Elsevier

Ecological Informatics

Volume 38, March 2017, Pages 12-25
Ecological Informatics

Individual-tree- and stand-based development following natural disturbance in a heterogeneously structured forest: A LiDAR-based approach

https://doi.org/10.1016/j.ecoinf.2016.12.004Get rights and content

Highlights

  • Forest development after natural disturbance was analyzed using LiDAR.

  • Individual trees were detected using LiDAR data supported by CIR aerial imagery.

  • Individual-tree-based growth of future forest development was simulated.

  • Naturally regenerating forests exhibit structural heterogeneity in the early-seral stages.

  • The feasibility of LiDAR data for modeling post-disturbed stands is shown.

Abstract

Large-scale severe natural disturbance events drive spatial and temporal patterns of forests by altering forest structure, composition, and functions. In the Bavarian Forest National Park in Germany, windthrow events led to large disturbances caused by the European bark beetle (Ips typographus L.). Until recently, it was assumed that at the initial stage of regeneration, trees tend to form a homogeneous stand structure, whereas structural heterogeneity is an attribute of later developmental stages. Yet recent studies provide evidence that under certain conditions structural heterogeneity can arise much earlier in stand development. Here we combined LiDAR data and forest growth modeling based on individual trees to develop a workflow for studying forest development in post-disturbed areas in the upper montane regions of the national park. The current forest structure was derived from LiDAR data of individually detected trees and a set of forest structural attributes were derived. The results served as input to simulate tree development spatio-temporally for a period of 80 years. Several spatial statistics, including landscape and spatial point pattern metrics, were calculated to assess the structural heterogeneity. The results showed that naturally regenerating forests on post-disturbed sites reveal structural heterogeneity already at the early-seral stage.

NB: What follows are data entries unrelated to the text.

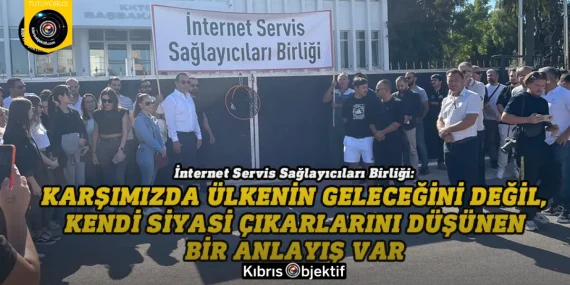 İnternet Servis Sağlayıcıları Birliği, Başbakanlık önünde açıklama yaptı
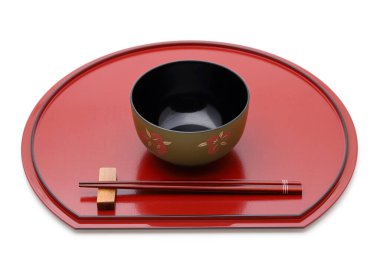 Tepside yemek çubukları olan Miso çorba kasesi Japonya 'nın geleneksel sofra takımı..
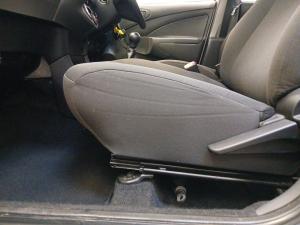 Toyota Etios hatch 1.5 Xi - Image 16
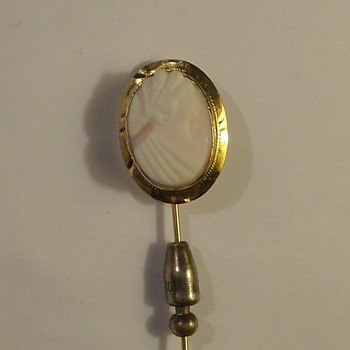 Very Old 10k Gold Cameo Pin (early 1900's)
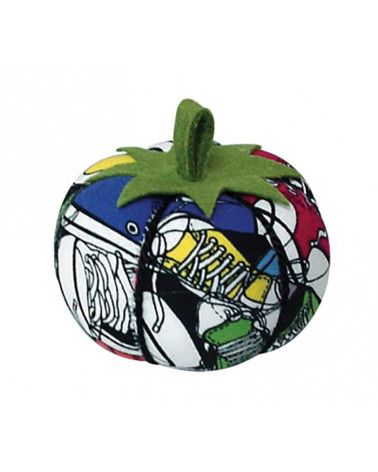 Tomato pin holder sneakers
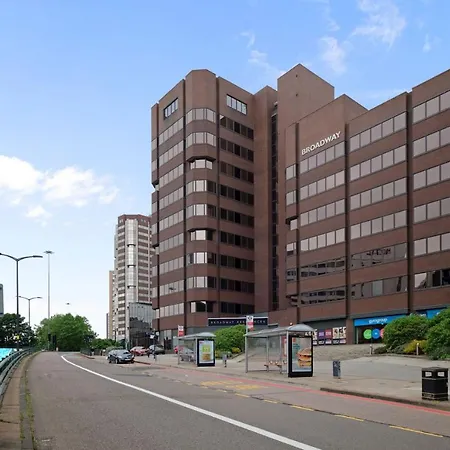 Seven Living Broadway Residences - City Centre, Broad Street - Free Parking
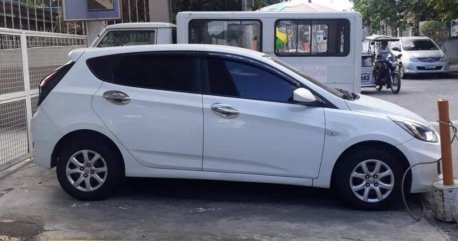 Selling 2nd Hand Hyundai Accent 2013 Hatchback Manual Diesel at 50000 km in Quezon City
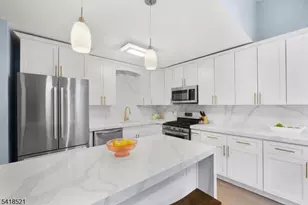 39 Carey Arthur Dr, Wayne, NJ 07470 - Photo 3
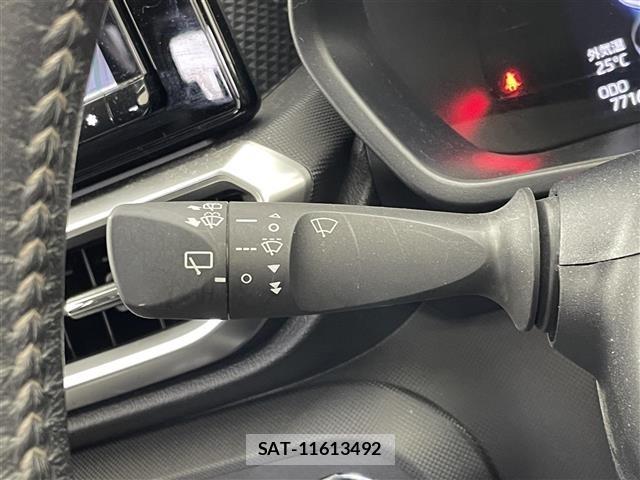 Daihatsu ROCKY 2020 8884986-3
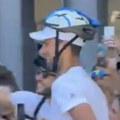 Ovo je hit! Prvo pojavljivanje Novaka u javnosti nakon velikog skandala! Srbin izašao sa kacigom pred fanove, ovako "čuva"…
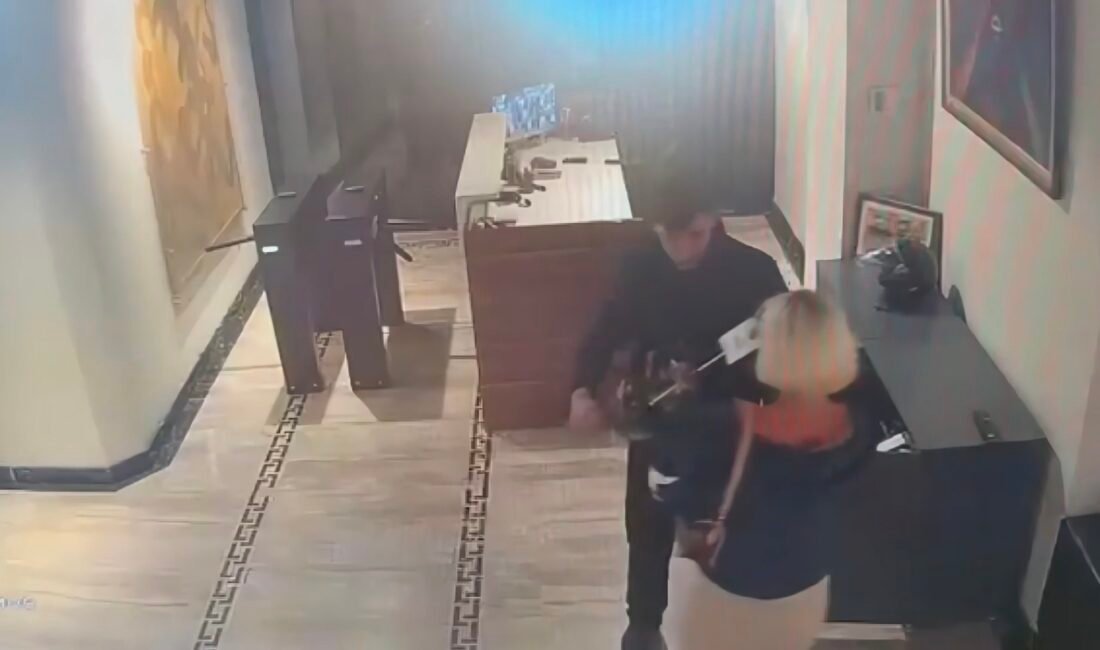 Doğan Can CESUR / İSTANBUL (DHA) - KAĞITHANE'de moda tasarımcısı,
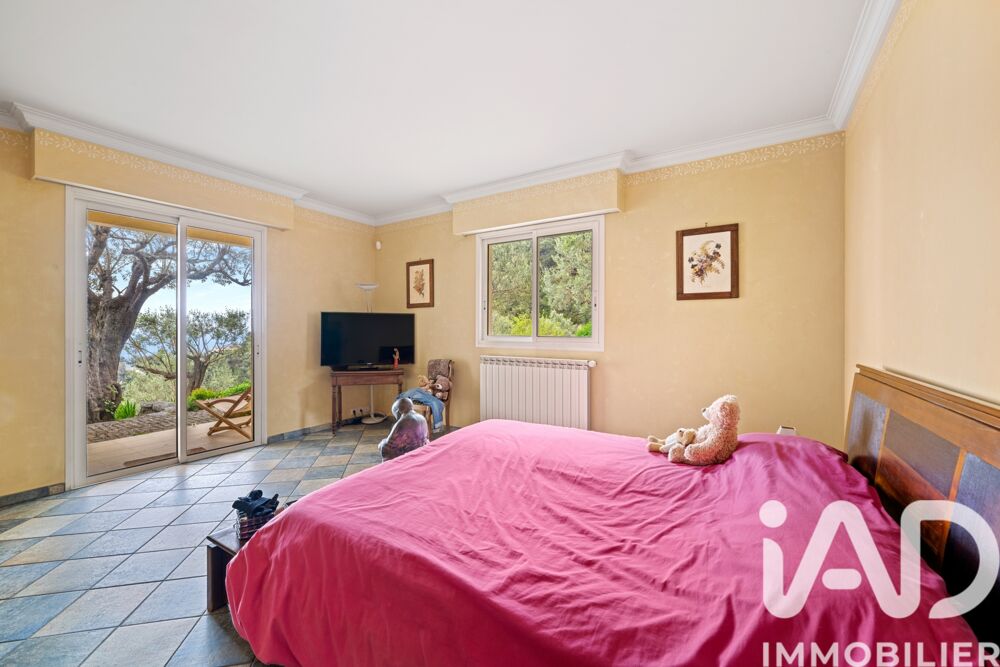 � vendre  Maison Roquebrune-Cap-Martin (06190)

Moreover, a significant portion of the eventual old-growth structural heterogeneity might already be determined in the early successional stages. Our workflow highlights the use of multi-sensor aerial remote sensing to provide detailed structural information useful for the investigation of early-phase forest dynamics.

Introduction

Forests are complex dynamic systems that contribute several crucial ecosystem services. Future forest management and conservation require the development of appropriate target objectives and the evaluation of different management strategies. The scientific knowledge needed for this includes a holistic description of forest status and development (Koch et al., 2009).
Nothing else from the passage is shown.